Speaking of Yasi, she picked me up at lunchtime to go see Tim Westergren, the founder of Pandora, speak over at USC. Yasi’s car was like a treasure chest of stone-washed denim, old cigarettes, and good music. This band “Office Depot” is the best ever. I have, like, all of their albums.

Like an old friend.

According to Tim Westergren, a Pandora listener tells an average of 8 friends about the music-streaming website. So this goes out to all 8 of you who are paying attention. I’ve been thoroughly infatuated with Pandora lately, by far my most-visited website.. well, that’s misleading, because I never really leave the site. At it’s core, Pandora is really just a music-streaming website. Like an XM Radio, or online radio station, that continually plays music for you. The clear and obvious distinction, however, is that Pandora caters the music to your tastes. All you have to do is type in your favorite artist or song and for hours on end, Pandora will play other artists and songs that fall into a similar sound.
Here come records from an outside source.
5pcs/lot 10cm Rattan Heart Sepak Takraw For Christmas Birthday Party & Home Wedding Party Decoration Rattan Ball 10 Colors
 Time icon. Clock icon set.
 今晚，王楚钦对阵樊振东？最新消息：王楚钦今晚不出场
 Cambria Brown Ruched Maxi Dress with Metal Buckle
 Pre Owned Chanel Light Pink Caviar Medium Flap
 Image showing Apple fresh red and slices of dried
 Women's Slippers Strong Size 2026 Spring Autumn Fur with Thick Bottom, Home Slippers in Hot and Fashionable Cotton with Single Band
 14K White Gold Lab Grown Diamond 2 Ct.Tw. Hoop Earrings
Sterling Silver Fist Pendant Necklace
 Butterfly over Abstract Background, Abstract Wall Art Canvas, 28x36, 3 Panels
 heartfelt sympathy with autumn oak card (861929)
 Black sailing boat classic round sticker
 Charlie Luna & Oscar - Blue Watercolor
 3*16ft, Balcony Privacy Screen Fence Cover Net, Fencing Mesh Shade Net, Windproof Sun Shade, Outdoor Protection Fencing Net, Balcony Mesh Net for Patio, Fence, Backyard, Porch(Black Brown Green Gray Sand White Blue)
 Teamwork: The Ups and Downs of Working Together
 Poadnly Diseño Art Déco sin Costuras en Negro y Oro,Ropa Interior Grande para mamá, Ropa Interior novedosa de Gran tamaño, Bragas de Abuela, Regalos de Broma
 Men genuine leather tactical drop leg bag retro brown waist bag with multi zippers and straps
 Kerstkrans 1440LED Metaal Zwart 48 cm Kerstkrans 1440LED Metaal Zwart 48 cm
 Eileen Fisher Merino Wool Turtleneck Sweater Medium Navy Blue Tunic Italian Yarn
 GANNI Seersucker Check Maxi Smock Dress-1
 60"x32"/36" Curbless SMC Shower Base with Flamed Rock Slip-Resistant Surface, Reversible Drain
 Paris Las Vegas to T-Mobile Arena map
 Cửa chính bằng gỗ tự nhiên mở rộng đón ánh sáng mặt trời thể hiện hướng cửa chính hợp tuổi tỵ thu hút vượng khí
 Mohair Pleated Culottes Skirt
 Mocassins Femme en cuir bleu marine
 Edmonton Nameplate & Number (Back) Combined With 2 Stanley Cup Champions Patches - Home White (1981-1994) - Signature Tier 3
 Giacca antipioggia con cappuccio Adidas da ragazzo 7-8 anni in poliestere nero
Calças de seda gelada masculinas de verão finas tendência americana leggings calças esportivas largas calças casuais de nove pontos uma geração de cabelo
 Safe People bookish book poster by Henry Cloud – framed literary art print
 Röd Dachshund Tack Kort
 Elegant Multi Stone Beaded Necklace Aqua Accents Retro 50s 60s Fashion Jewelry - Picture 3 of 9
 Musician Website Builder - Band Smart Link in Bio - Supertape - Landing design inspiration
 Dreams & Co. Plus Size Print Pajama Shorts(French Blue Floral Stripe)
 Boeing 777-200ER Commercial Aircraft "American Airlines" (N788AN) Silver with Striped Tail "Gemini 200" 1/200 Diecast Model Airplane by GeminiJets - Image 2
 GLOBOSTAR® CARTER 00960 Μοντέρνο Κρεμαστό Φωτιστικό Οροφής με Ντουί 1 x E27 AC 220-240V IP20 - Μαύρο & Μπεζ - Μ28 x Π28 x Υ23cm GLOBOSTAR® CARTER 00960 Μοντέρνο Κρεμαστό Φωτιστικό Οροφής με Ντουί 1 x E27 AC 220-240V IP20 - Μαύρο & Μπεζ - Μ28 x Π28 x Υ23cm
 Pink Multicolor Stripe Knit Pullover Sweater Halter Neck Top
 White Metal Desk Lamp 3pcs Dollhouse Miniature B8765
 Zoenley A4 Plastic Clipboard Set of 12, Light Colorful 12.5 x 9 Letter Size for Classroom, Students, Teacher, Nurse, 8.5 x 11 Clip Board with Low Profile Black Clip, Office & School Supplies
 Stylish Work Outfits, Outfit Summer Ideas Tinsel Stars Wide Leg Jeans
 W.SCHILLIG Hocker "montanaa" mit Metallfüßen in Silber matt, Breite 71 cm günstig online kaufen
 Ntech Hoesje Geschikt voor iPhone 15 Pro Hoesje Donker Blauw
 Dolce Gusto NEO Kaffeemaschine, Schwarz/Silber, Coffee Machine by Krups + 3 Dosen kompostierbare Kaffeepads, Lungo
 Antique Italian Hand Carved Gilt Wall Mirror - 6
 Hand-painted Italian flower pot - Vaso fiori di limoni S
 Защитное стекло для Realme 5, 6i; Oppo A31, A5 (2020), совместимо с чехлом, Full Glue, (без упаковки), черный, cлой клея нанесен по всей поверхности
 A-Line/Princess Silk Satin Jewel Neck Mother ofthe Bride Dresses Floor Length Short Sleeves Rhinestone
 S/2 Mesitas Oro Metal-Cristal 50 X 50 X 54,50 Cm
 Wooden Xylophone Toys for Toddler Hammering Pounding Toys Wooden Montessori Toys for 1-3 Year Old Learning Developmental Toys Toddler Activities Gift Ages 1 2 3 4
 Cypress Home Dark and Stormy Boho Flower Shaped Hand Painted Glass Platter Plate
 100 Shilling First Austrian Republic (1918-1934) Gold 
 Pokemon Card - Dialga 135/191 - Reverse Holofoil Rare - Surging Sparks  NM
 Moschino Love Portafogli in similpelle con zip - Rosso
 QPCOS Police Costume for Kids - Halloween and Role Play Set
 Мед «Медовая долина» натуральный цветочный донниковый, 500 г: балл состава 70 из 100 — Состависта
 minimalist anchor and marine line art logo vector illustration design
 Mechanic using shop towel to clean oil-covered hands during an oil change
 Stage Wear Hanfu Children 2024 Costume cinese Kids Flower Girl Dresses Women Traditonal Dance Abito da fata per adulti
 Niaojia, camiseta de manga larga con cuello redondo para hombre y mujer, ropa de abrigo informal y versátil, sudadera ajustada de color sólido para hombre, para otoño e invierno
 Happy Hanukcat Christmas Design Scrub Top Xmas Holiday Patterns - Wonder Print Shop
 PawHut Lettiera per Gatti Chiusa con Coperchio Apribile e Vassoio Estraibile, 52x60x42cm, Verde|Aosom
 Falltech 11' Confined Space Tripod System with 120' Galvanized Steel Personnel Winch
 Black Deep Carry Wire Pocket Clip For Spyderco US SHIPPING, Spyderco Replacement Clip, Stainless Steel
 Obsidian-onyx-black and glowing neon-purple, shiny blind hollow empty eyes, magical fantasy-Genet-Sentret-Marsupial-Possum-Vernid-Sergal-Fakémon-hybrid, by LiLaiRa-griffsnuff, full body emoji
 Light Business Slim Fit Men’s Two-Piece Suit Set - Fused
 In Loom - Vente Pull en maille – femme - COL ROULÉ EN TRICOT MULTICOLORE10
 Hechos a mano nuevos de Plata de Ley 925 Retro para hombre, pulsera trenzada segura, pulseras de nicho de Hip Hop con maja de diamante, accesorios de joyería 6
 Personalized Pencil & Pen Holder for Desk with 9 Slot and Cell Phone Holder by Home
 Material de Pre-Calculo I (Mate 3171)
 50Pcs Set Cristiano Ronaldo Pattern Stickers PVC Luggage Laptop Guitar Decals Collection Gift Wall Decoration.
It’s a very simple idea, but a very complicated process. Pandora emerged from something very boring-sounding called the Music Genome Project, which was a hundred people sitting in a room for 2 years, working for free, by analyzing 4 to 5 hours of music a day and manually scoring every song. They dialed in a mathematical algorithm (big word, sorry) that Tim’s partner figured out literally overnight, which operates as the backbone for this entire project. Pandora now boasts 17 million registered users, attracts 40,000 new members a day, with 60,000 musical artists represented.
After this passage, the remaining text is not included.